WHAT IS REQUIRED:
Starting with the line that contains "dentist examining female", give again exactly and only each line through the end of the records; include the last line and exclude pictures.

STORED DATA:
==*==
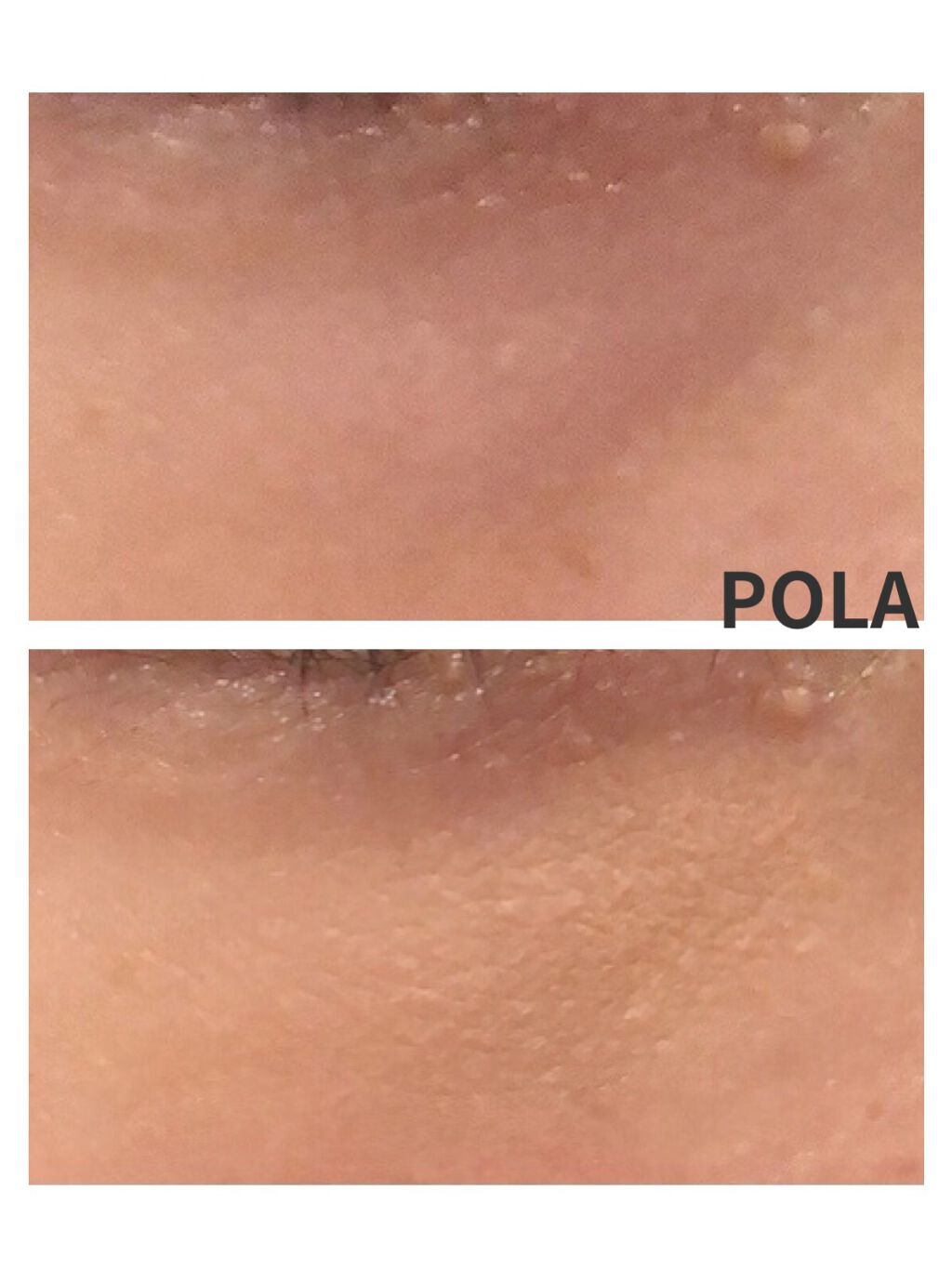 【旧】ディオールスキン フォーエヴァー スキン コレクト コンシーラー/Dior/リキッドコンシーラーを使ったクチコミ（2枚目）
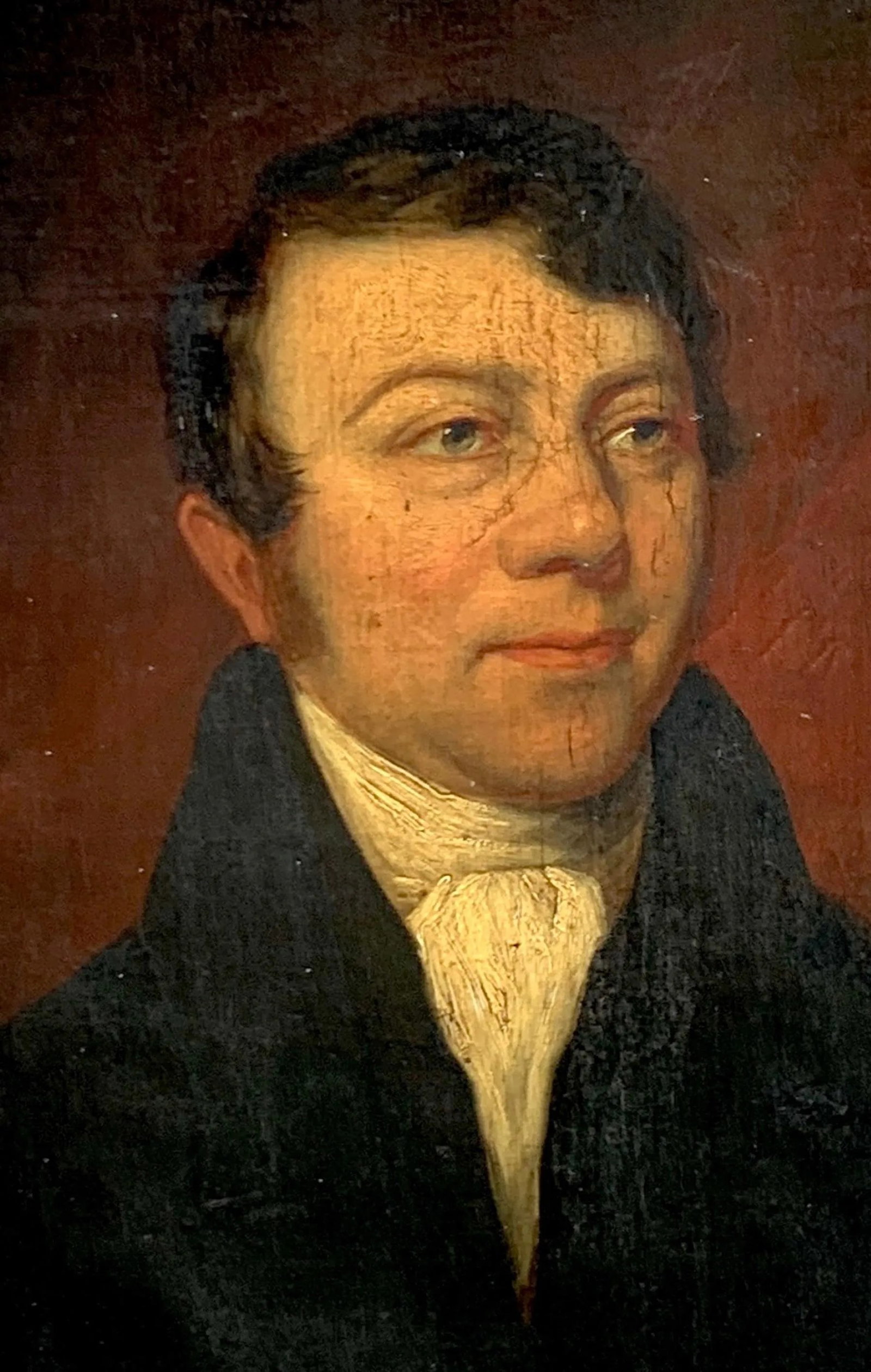 Handsome 19th C American Portrait of a Gentleman with a Scar - 3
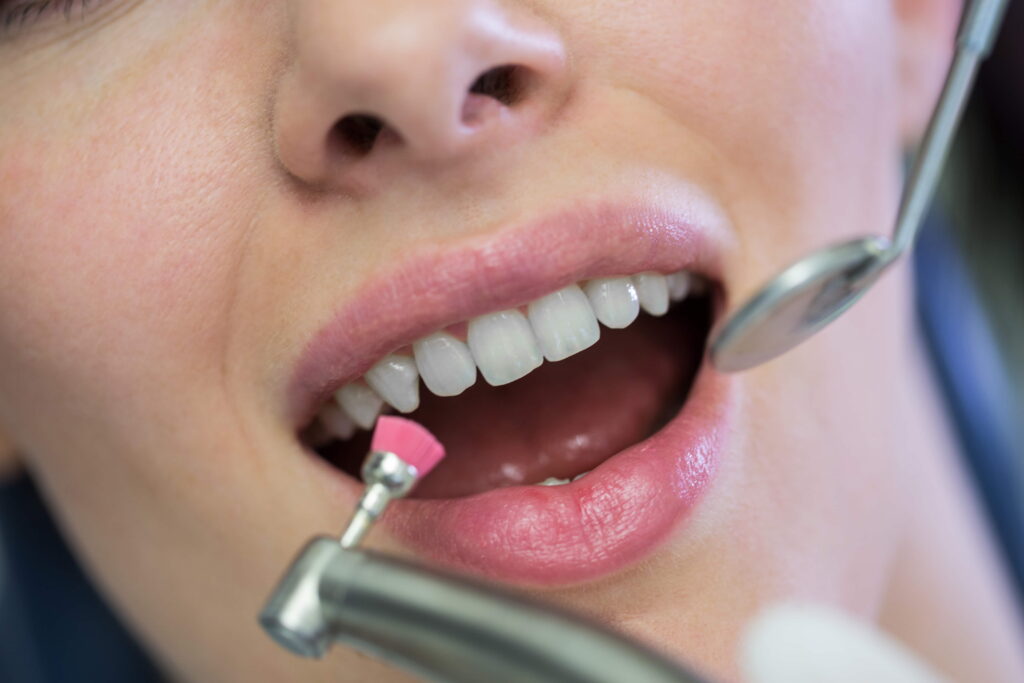 dentist examining female patient with tools (1)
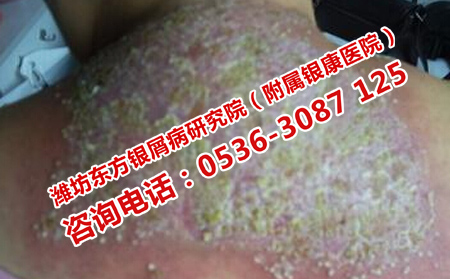 濟南治牛皮癬的理想醫院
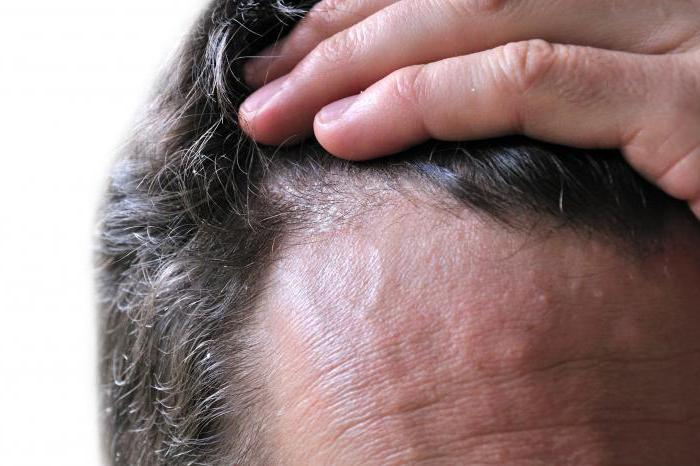 лечение себорейный дерматит волосистой части головы лечение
==*==
TASK RESULT:
 dentist examining female patient with tools (1)
 濟南治牛皮癬的理想醫院
 лечение себорейный дерматит волосистой части головы лечение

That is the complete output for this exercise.